Thanks for the patch, Florian! Ok, now I understand what you mean exactly. Some comments inline.

lib/Transforms/Vectorize/LoopVectorizationPlanner.h
352 ↗(On Diff #148902)

I really like this change! This is decoupling the VPlan construction with VPInstructions from the legacy VPlan construction using recipes. I understand that you will refactor even more the code in buildVPRecipes to implement the temporary VPInstruction-to-VPRecipe step in the native path.

Maybe we should name this buildVPlanWithRecipes or something like that to clearly state that it's creating a new VPlan?

lib/Transforms/Vectorize/LoopVectorize.cpp
6342 ↗(On Diff #148902)

Why BestVF.Width + 1? Shouldn't be BestVF.Width?

6347 ↗(On Diff #148902)

The rationale of building VPlans for all the VFs and then invoke CM to choose the best VF (without using those VPlans) was to eventually port CM to work on these VPlans. This hasn't happened yet but @hsaito is working on this VPlan based version of the CM. We think that this step is very important in the converge of both vectorization paths since it will allow us to move the VPlan construction in the inner loop path to earlier stages of the path.

Since this is a small change, my suggestion would be: 1) if this change is needed by your subsequent patches, let's go with it.
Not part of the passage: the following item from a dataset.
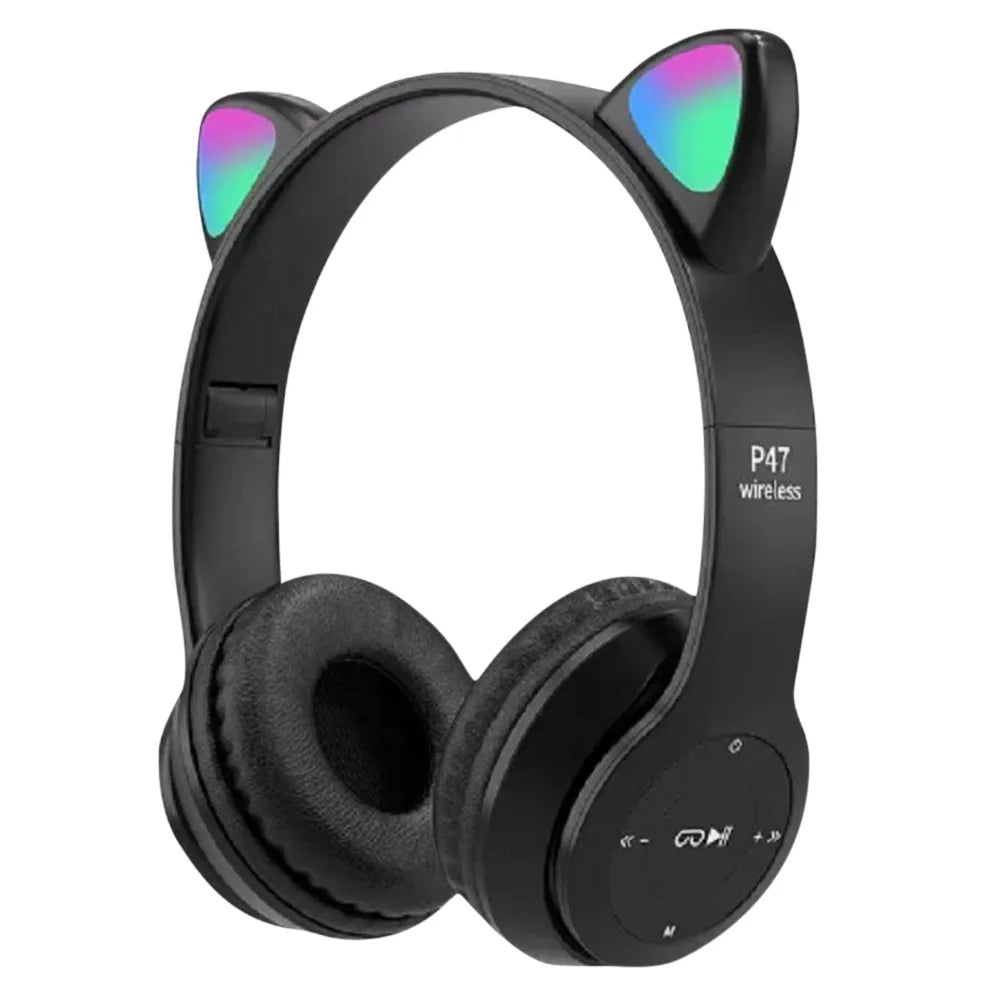 Auriculares Inalámbricos con Orejas de Gato: Luminosos y Perfectos para Niños y Niñas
Hideki could move the VPlan construction again after CM when his code is ready; 2) otherwise, let's keep the original version. Please, note that we are mostly sharing a single VPlan for all the VFs so we shouldn't be using unnecessary memory most of the times.

WDYT?

Thanks Diego!

lib/Transforms/Vectorize/LoopVectorizationPlanner.h
352 ↗(On Diff #148902)

Yep there is some more refactoring I plan on doing. Ideally I think we should try to move as much of the VPlan related implementation out of LoopVectorize.cpp

lib/Transforms/Vectorize/LoopVectorize.cpp
6342 ↗(On Diff #148902)

yep, buildVPRecipes does not really need a range , so this could be simplified.

6347 ↗(On Diff #148902)

I understand, but do you think we will be able to replace the legacy cost model anytime soon? I expect implementing VPlan based inner loop vectorization that does not introduce regressions over the legacy cost model will be a big task. I thought the plan was to develop this cost model in the VPlan native path (with support for inner loops). That will allow us to get an initial cost model in and iterate on that, until we match the performance of the legacy one. At that point, we can retire the legacy inner loop vectorizer. What do you think?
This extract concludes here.